From the Toronto Star’s Bruce Arthur:
The New York Knicks fired team president Phil Jackson Wednesday after three years of pure uncut bumbling comedy, and the Knicks are coming for Masai. Tim Leiweke, the former president and CEO of Maple Leaf Sports and Entertainment, is an adviser, which means he is the recruiter.
All that just makes the Knicks more desperate for a new saviour, and league sources indicate the Knicks are already confident Ujiri is coming to New York. When Ujiri came to Toronto from Denver he was lured by the city, the geography — it is easier to get home every summer to Africa, where Ujiri pours his soul every summer into his Giants of Africa charity — the resources, and the challenge of fixing a franchise that had never been fixed.
Any of that sound familiar? New York has stubbornly buried a lot of good basketball men, made them laughingstocks. But Ujiri loves a challenge.
It seems somewhat unfathomable that Ujiri will leave a seemingly great position in Toronto for the Knicks, a team that is essentially in disarray because of Jackson. But you never know. The Knicks have money, play in one of the biggest NBA markets and have some potential with Porzingis.

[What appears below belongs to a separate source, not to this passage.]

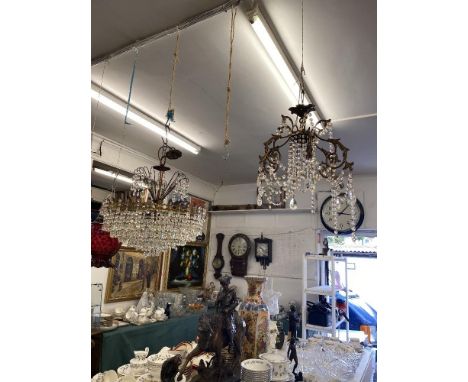 A crystal chandelier plus another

Ujiri may also to decide to leave the Raptors if he feels like the team has gone as far as they can under his leadership. Toronto is facing their own crossroads this offseason with Kyle Lowry being a free agent. Serge Ibaka and P.J. Tucker are also free agents, and it is up to Ujiri to decide if he should bring the band back if it likely means another second-round or perhaps Conference Finals exit. The Raptors face these types of questions and more this offseason, and Ujiri will have to make some tough decisions.
However, as Arthur points out, Ujiri enjoys a challenge, which the Raptors definitely are. But perhaps Ujiri views the Knicks as an even greater challenge and one that he wants to tackle next in his career.
At least that’s what Dolan and the Knicks are apparently hoping Ujiri will decide on in the coming weeks.